Otra tradición intelectual ha identificado, en cambio, la causa del declive y la caída de los imperios en la aparición de enemigos y rivales externos. Pero no parece que Europa, por ejemplo, pueda presentarse hoy en día como un serio candidato a competir y reemplazar a Estados Unidos en el papel de máxima autoridad internacional. Tras la recientes cumbres en Salónica y en Washington, la política exterior de la Unión Europea parece haber tomado como único modelo de referencia el de Tony Blair durante la guerra de Irak, es decir, actuar como un fiel aliado de Estados Unidos en aquellas tareas que la única superpotencia identifique como prioritarias: la presión sobre los estados con armas de destrucción masiva, los Estados en descomposición y el terrorismo, incluido mediante acciones preventivas, según la nueva doctrina acabada de adoptar. Tampoco Rusia, China o Japón parecen encontrarse en muy favorables condiciones para tratar de balancear el poderío de Estados Unidos con ambiciones alternativas y establecer así un esquema de relaciones multilaterales competitivas en el escenario internacional.

Las amenazas al predominio americano en el mundo no parece que sean, pues, por ahora, muy graves. Quizá la mayor sea precisamente el terrorismo, al modo de los bárbaros que, según el clásico relato de Edward Gibbon, hicieron caer al Imperio Romano. Pero lo que hoy se está construyendo más parece un nuevo modelo de imperio sin imperialistas, es decir, un poder mundial que pretende actuar como vigilante y protector de cada uno de los Estados ante la agresividad de los demás, que el tradicional de un gobierno efectivo sobre personas y territorios extranjeros susceptibles de ser derrotados por un ataque exterior.
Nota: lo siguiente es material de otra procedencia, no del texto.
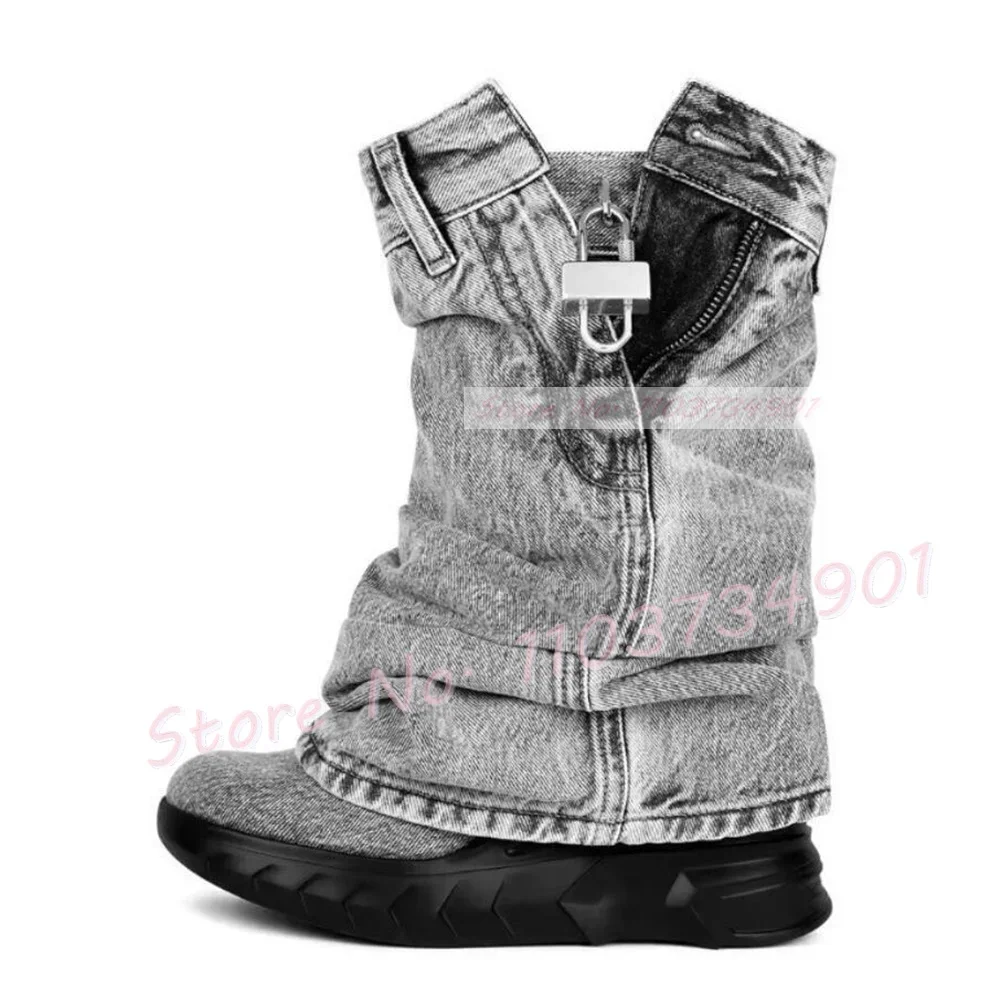 Metal Lock Denim Foldover Boots Ladies Mid Calf Round Toe Thick Sole Platform Shoes Women Zipper Nifty Trendy Large Size Boots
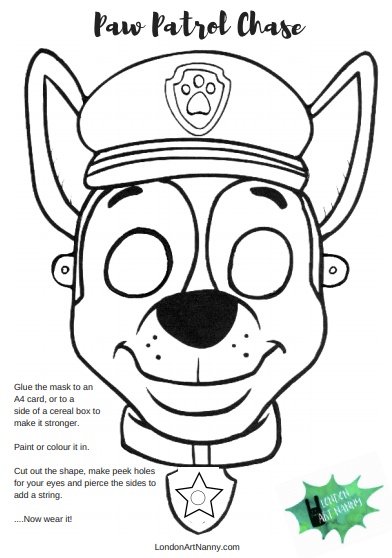 Paw paol chase free face mask printable pdf ausmalbilder ausmalbilder kinder malvorlagen fãr kinder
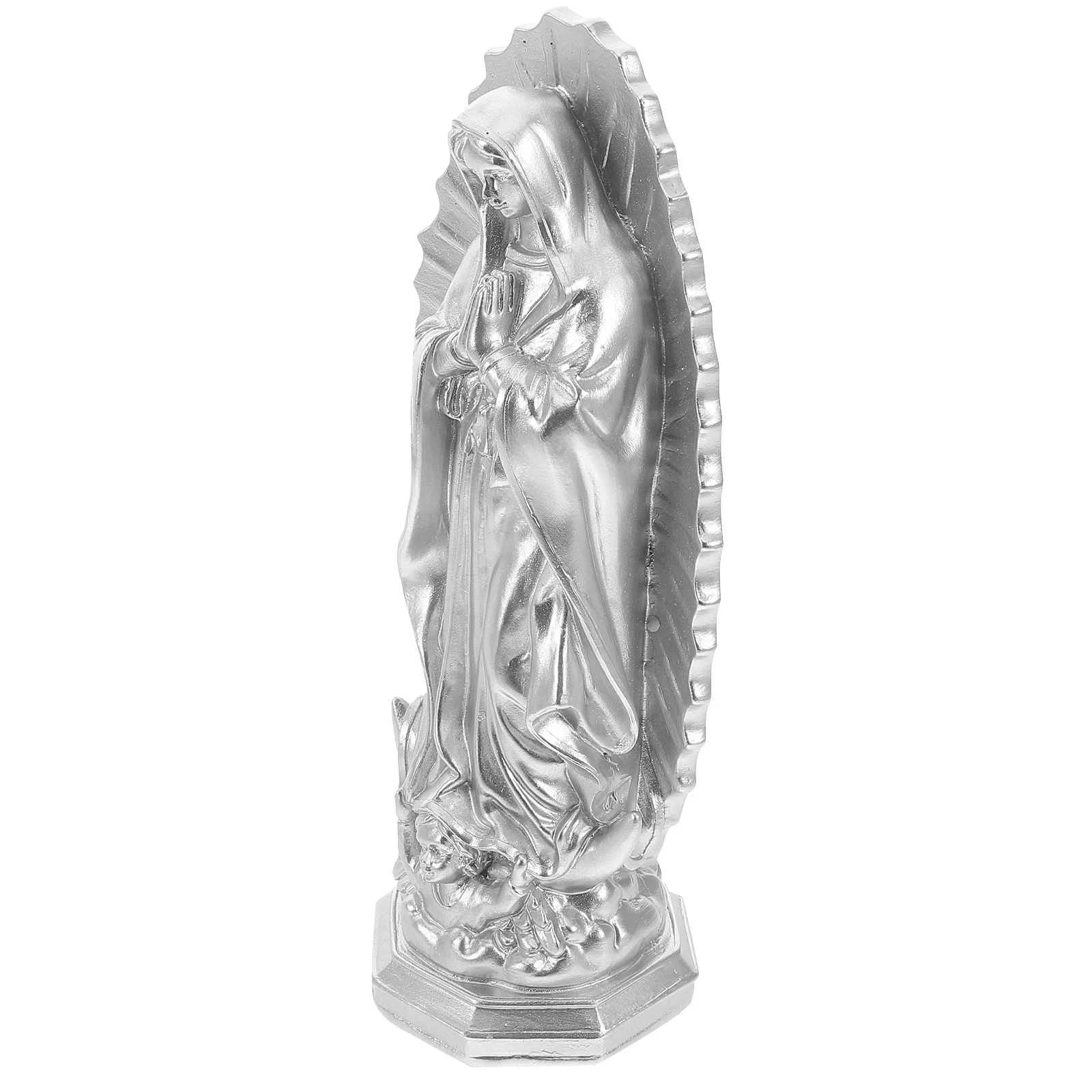 

Resin Blessed Mother Statue Exquisite Craftsmanship Serene Devotion Quality Versatile Placement Home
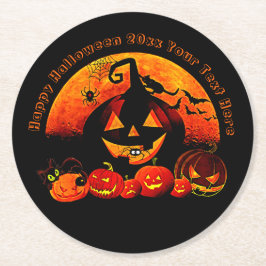 Porta-copo De Papel Redondo Nome do Halloween Ano 20xx Glow Pumpkin Web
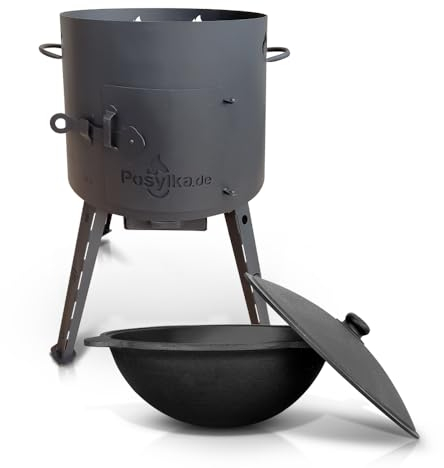 Utschak - Horno de fuego con olla de hierro fundido con base redonda con tapa (12 L) Kazan KazanoFF, Учаг, exterior, brasero, camping, kazán, cañón de goulash, horno holandés (Set 1-12)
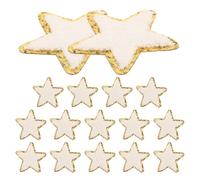 Cabilock 16pcs White Star Sew Patches with Sequin Gold Edge Embroidered Self-Adhesive Appliques for Clothes Jackets Hats Backpacks Easy DIY Repair and Decorative Embellishments for Shirts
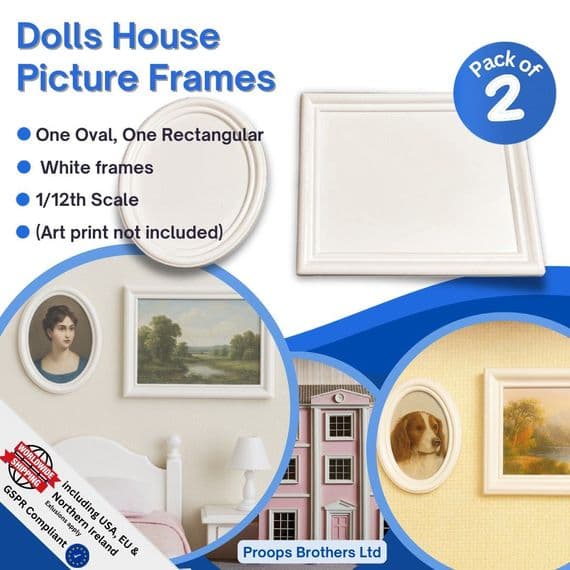 Dolls House Picture Frame Pack of 2 (Oval, Rectangular), 1/12th Scale. Asstd Colour. A1007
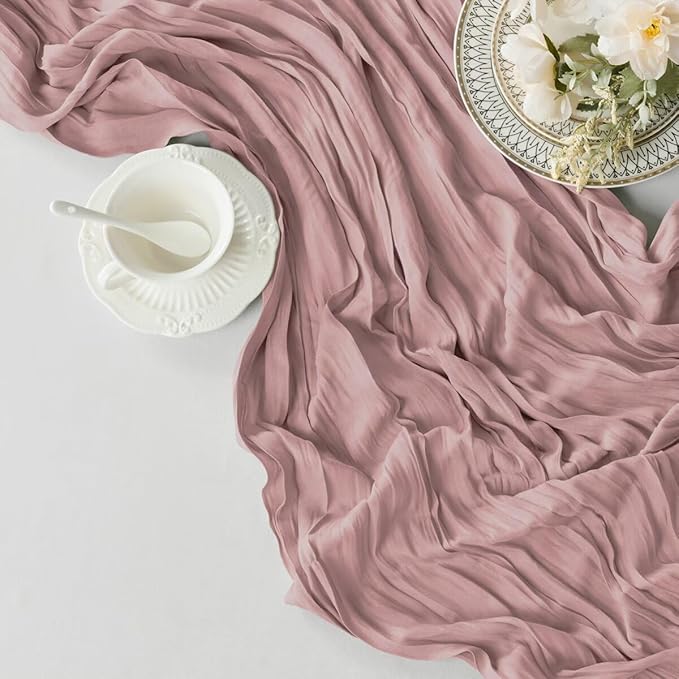 12 Pack Dusty Pink Cheesecloth Table Runner 35"×120" Gauze Fabric Table Runner Rustic Sheer Runner for Wedding Birthday Baby Shower Party Table Decoration Dusty Pink 12 Pack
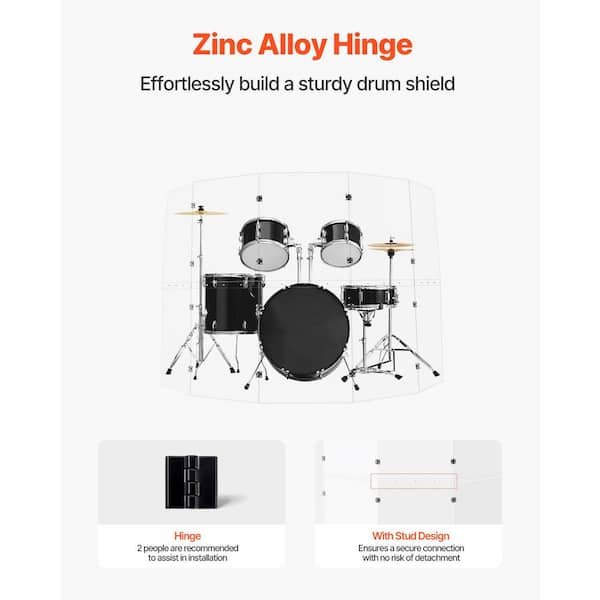Portable 5-Panel Acrylic Drum Shield - 2ft X 5ft Sound Barrier With Stainless Steel Hinges For Practice & Gigs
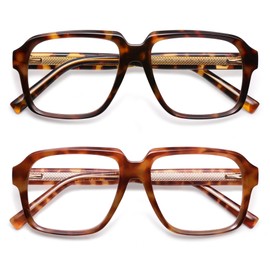 AMOMOMA Oversized Square Reading Glasses for Women,Men Blue Light Blocking Computer Readers Spring hinge AM6185C2+C3 2.0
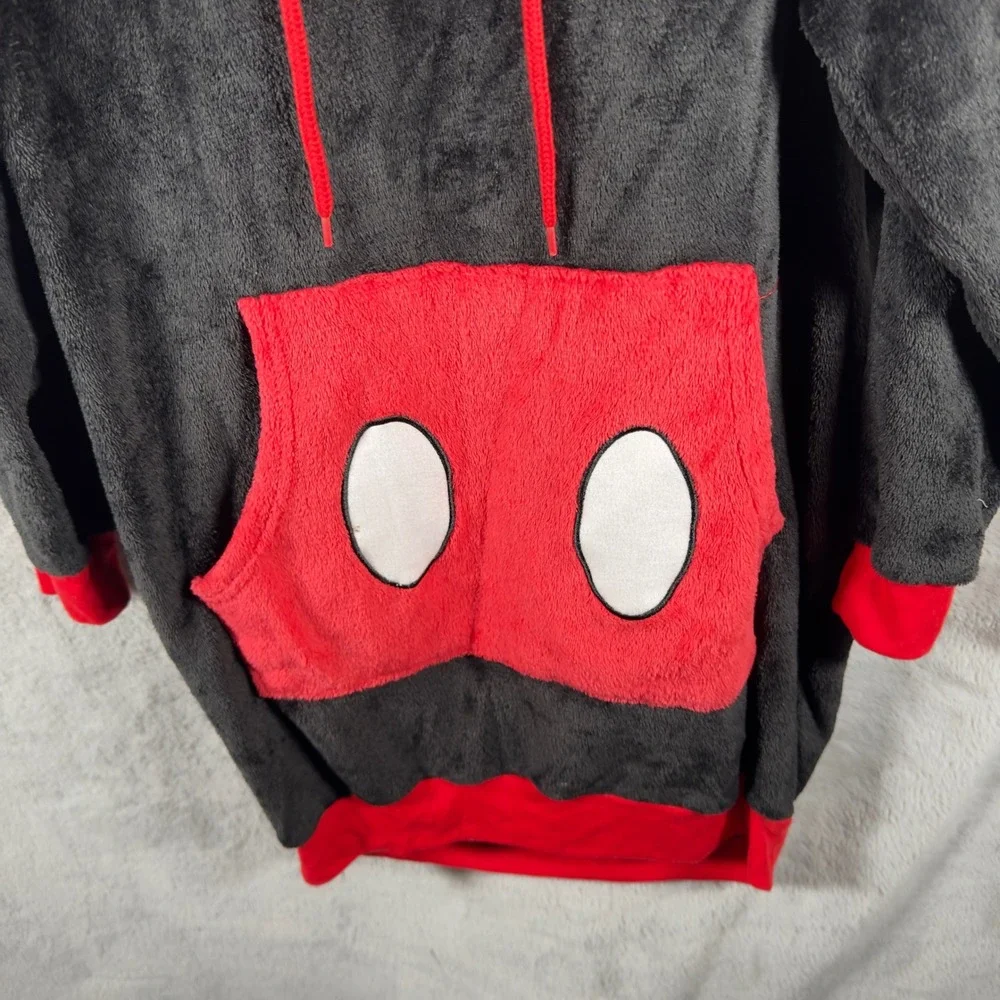 Disney Mickey Mouse Plush Fleece Oversized Hoodie Sleep Shirt‎ Black Red Small - Picture 3 of 10
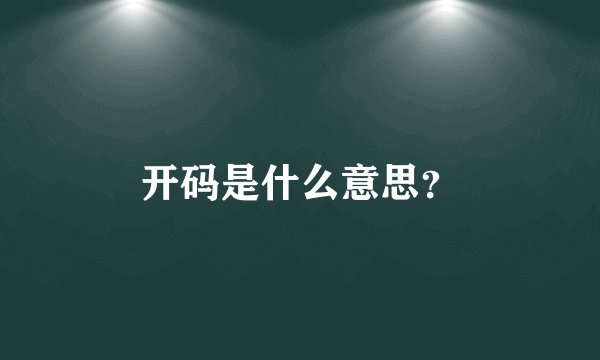 开码是什么意思？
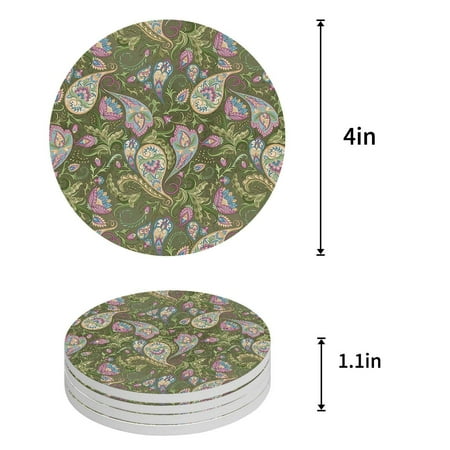 

FMSHPON Leopard Set of 4 Round Coaster for Drinks Absorbent Ceramic Stone Coasters Cup Mat with Cork Base for Home Kitchen Room Coffee Table Bar Decor
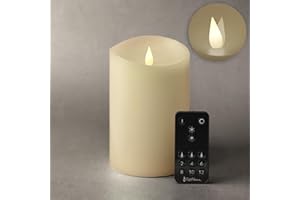 Softflame Flameless LED Candles with Remote Control, 4"x 6"Flickering 3D Moving Flame Battery Operated Candles in Real Wax Shell for Indoor Use, Home Decor Ivory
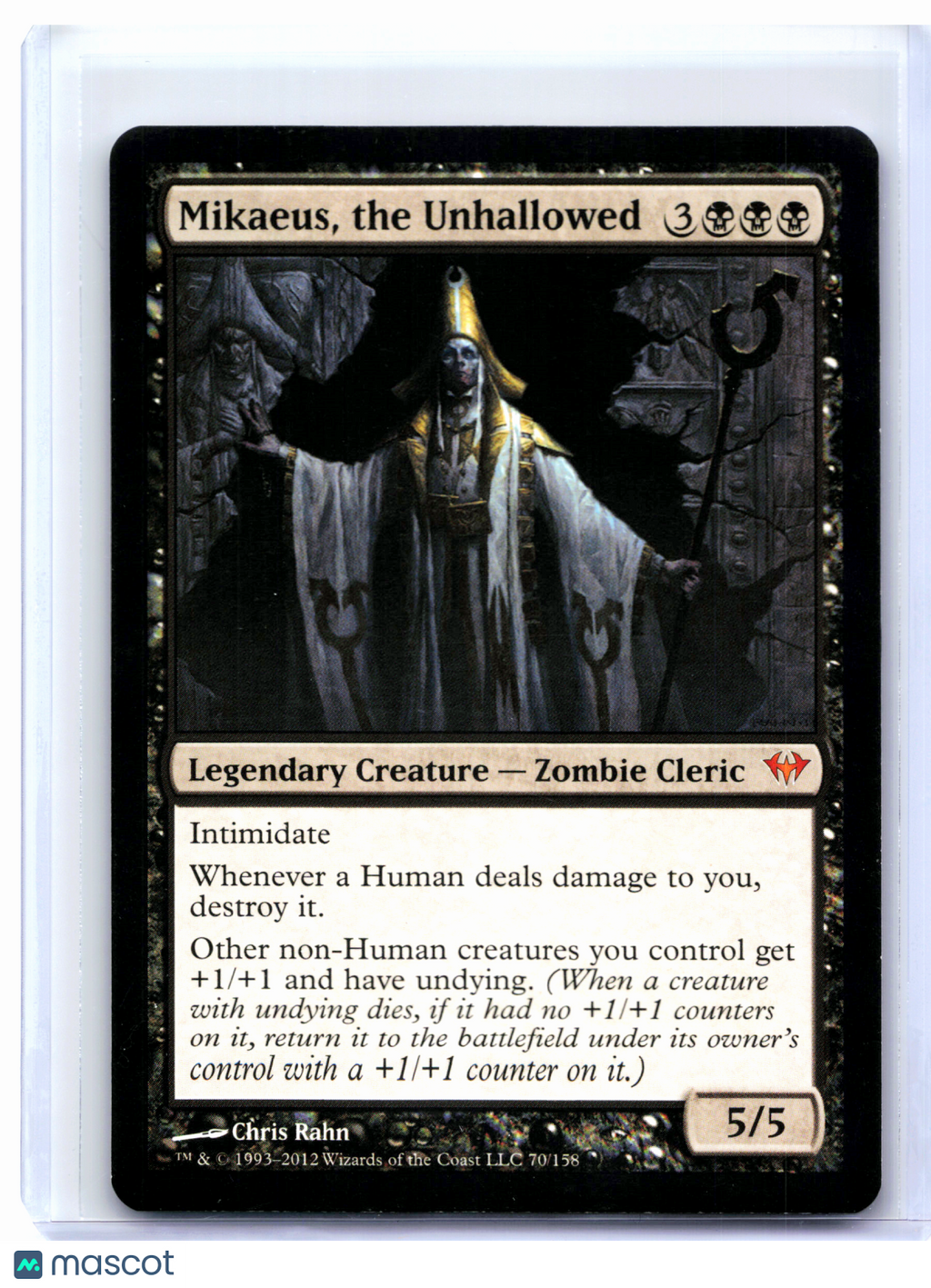 2012 Magic: TG—Mikaeus, the Unhallowed #70 Dark Ascension—Mythic Nonfoil
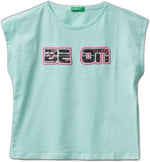 United Colors of Benetton Payetli Benetton Yazılı Yaz T-Shirt T-Shirt Kız çocuk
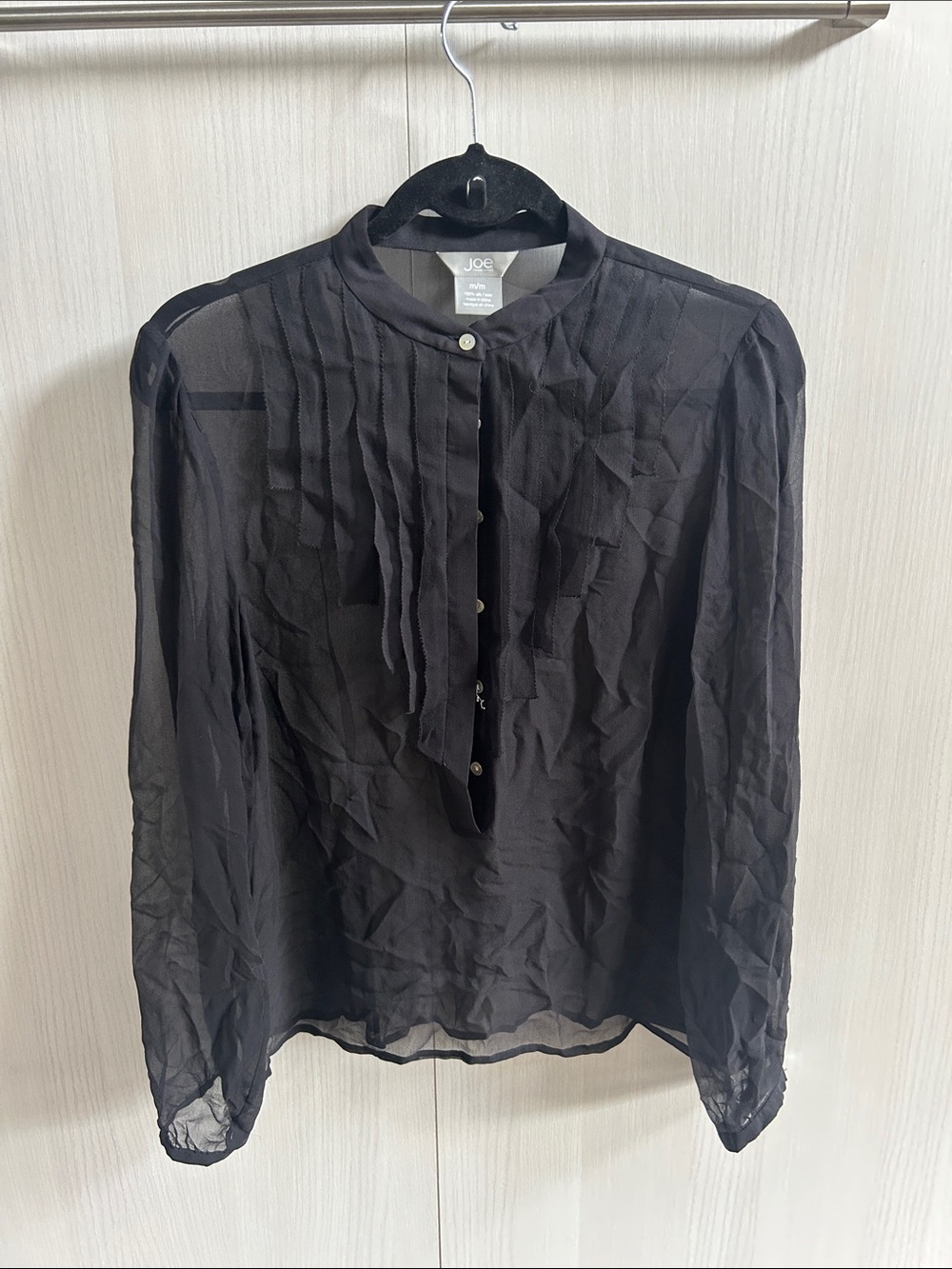100% silk Sheer Pleated Front Dress Shirt size Med Joe Fresh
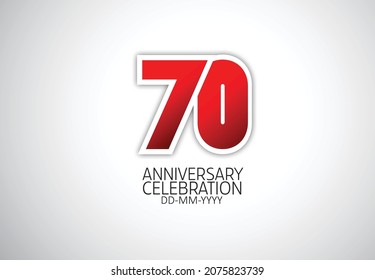 Simple Classic Style 70 Year Anniversary Red Color with on grey white Background, For Invitation, banner, ads, greeting card-vector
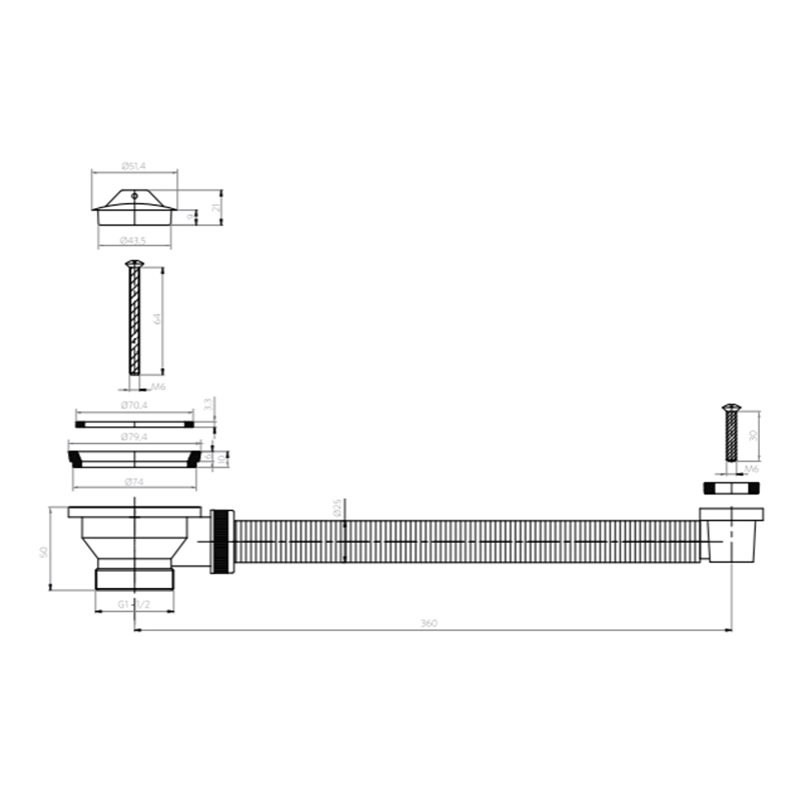 DESAGUE STRETTO DESAGUE LAVAPLATOS PLÁSTICO TAPÓN 1 1/2'' C/REB S/COLA MDF - 2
Los historiadores apologéticos suelen recordar que el modelo clásico de dominio imperial fue capaz, durante el periodo decimonónico británico, de producir unos cien años de relativa paz mundial. Pero precisamente por diferenciarse claramente de éste en su desapego territorial, el actual predominio mundial de Estados Unidos podría aspirar a una duración incluso mayor.

Josep M. Colomer es profesor de Investigación en Ciencia Política en el CSIC.